■ **Work instructions**
Set down exactly the lines in the records below that run from the line with "0 200 400 600 800" to the line with "Dr. Guangliang Chen", inclusive, and nothing more.

Short descriptive text snippets

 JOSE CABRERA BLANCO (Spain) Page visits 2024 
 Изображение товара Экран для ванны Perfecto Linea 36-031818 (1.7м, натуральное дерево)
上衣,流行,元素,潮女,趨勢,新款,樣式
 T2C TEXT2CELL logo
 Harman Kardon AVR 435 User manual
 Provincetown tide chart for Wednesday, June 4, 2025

==

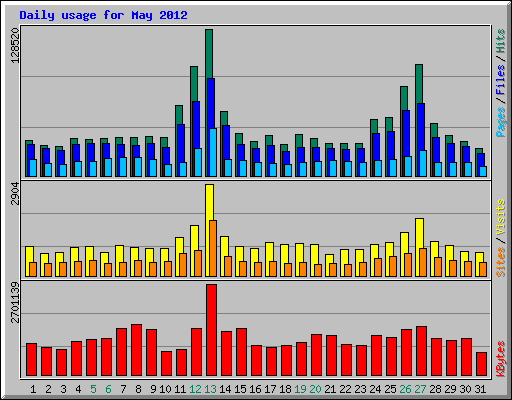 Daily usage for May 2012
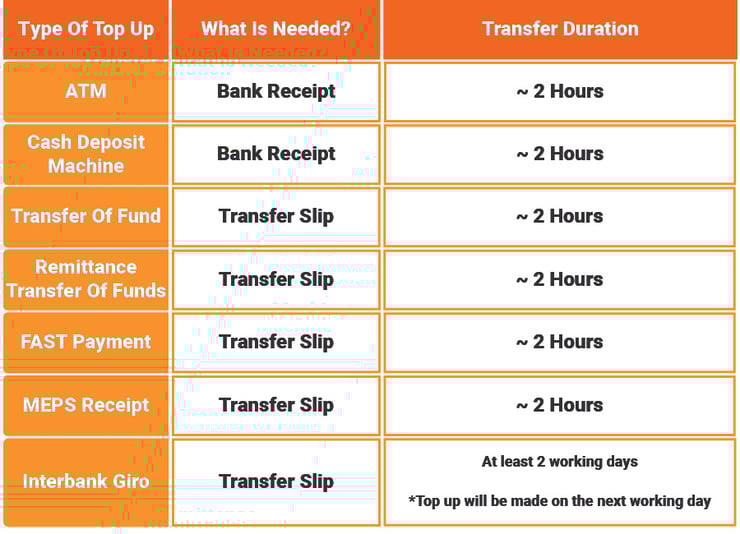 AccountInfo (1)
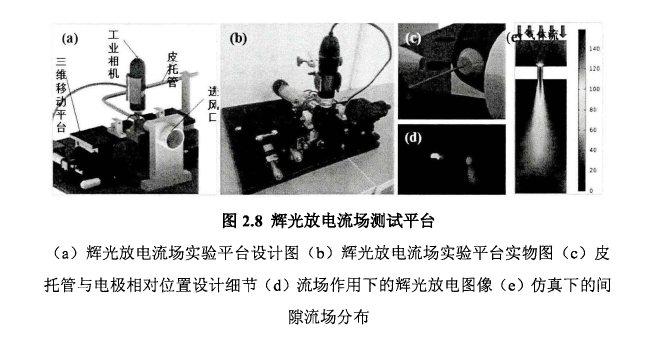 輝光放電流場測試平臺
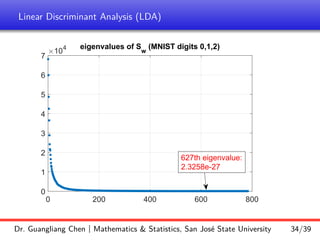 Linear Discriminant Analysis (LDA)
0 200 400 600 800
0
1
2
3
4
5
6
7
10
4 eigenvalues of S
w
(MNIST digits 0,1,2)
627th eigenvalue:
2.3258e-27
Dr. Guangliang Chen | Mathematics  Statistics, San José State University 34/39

■ **Solution to the problem**
0 200 400 600 800
0
1
2
3
4
5
6
7
10
4 eigenvalues of S
w
(MNIST digits 0,1,2)
627th eigenvalue:
2.3258e-27
Dr. Guangliang Chen | Mathematics  Statistics, San José State University 34/39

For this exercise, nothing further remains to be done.